Arriving at camp out of Minor League options but having committed to a shorter arm sweep at the start of his motion, Hoffman struggled in his first two spring outings. But when he dropped his slider, reduced his changeup and went fastball-curveball, his stuff was electric in a two-inning game against the Rangers and on a back-field game leading up to the shutdown. He has the narrower mix to fall back on, but he continued to work on the other pitches.
“Those [fastball and curveball] are the two I throw the most and most consistently throughout my career, and we’ve been working on some things with my other pitches,” Hoffman said. “Whatever the mix -- two, three or four pitches -- we’re making sure they are being used the right way in the right counts. Right now I’m excited to get going and see how they are going to play out in live BPs against our own team.”

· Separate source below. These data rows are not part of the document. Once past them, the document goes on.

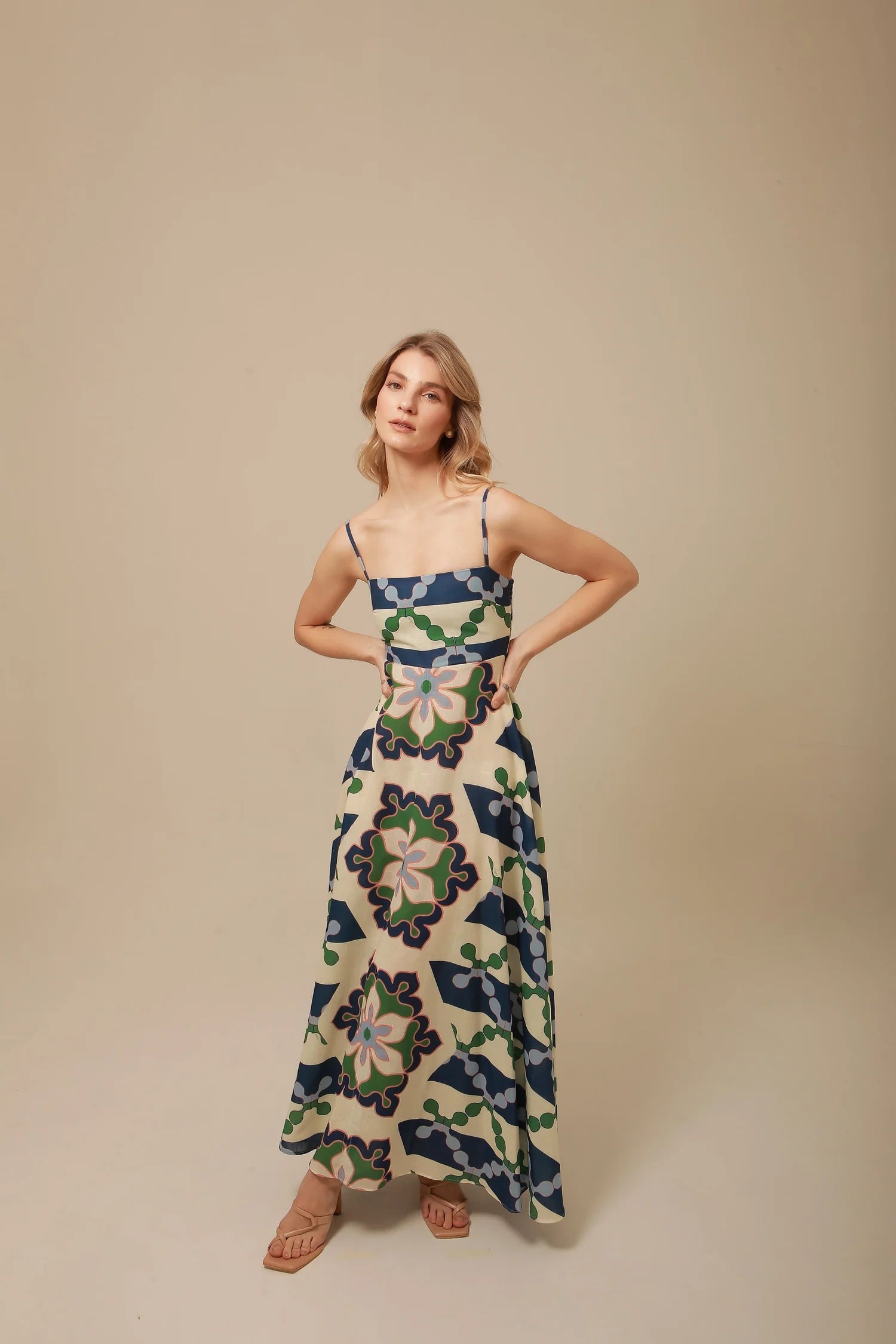 Geometrical Printed Dress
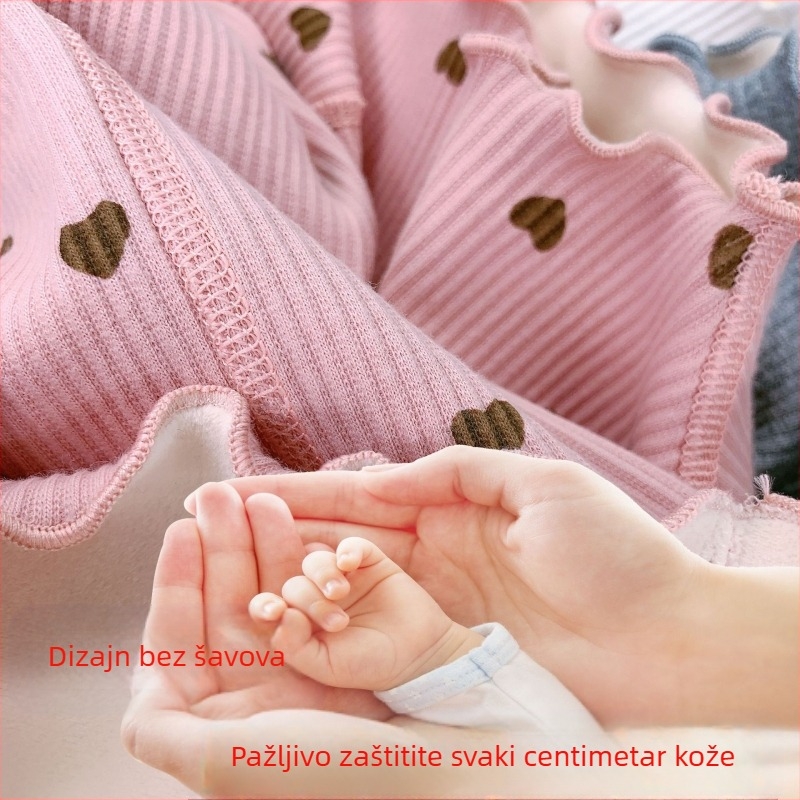 Čisti pamučni djevojački bazna majica, dječja bazna majica dugih rukava, bebina proljetna i jesenska donja odjeća, djevojačko intimno donje rublje klase A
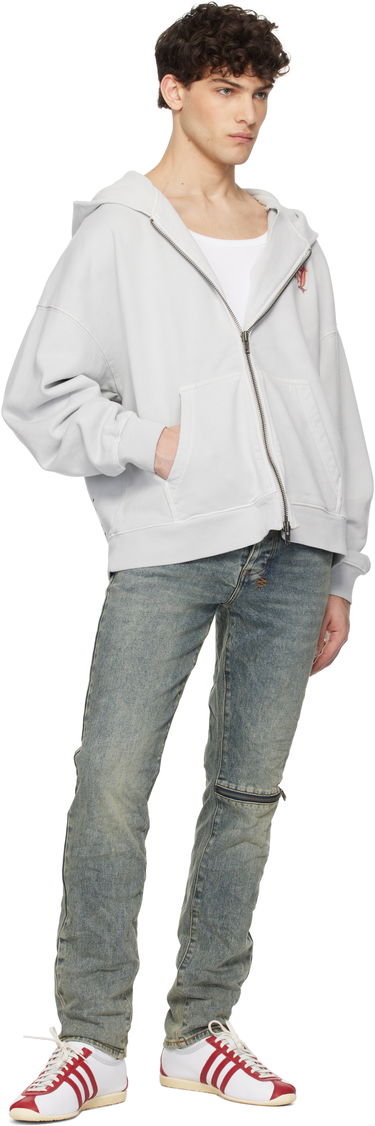 Sweatshirt Ksubi Ksubi Fuego Ekcess Zip Hoodie Grå | MPS25FL007, 3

González fanned six in six innings in his last two spring outings. He has a cutter/slider that he can use at the top of the zone, and let a curve play off it. He has young hitters near his Boca Raton, Fla., home to thank for helping him keep his command during baseball’s closure.

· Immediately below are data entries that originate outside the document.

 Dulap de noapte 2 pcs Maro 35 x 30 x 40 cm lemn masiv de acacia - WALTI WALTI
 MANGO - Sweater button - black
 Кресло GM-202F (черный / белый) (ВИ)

“I was able to practice with a team called Hawks, high school post-graduate kids and some college players,” said González, who has a Minor League option. “First time, I overmatched them just because I think the sheer fact of them knowing I was a big leaguer won the battle already. But the second and third time you could see them more comfortable.
“They would actually take at-bats and not just swing at whatever. I saw the progression they made against me, and it was a dual thing -- they made me get better and helped me keep going.”
Position competition is the salsa that makes baseball practice -- Summer Camp in this case -- palatable. But for a truly scrumptious season, the Rockies need production from both.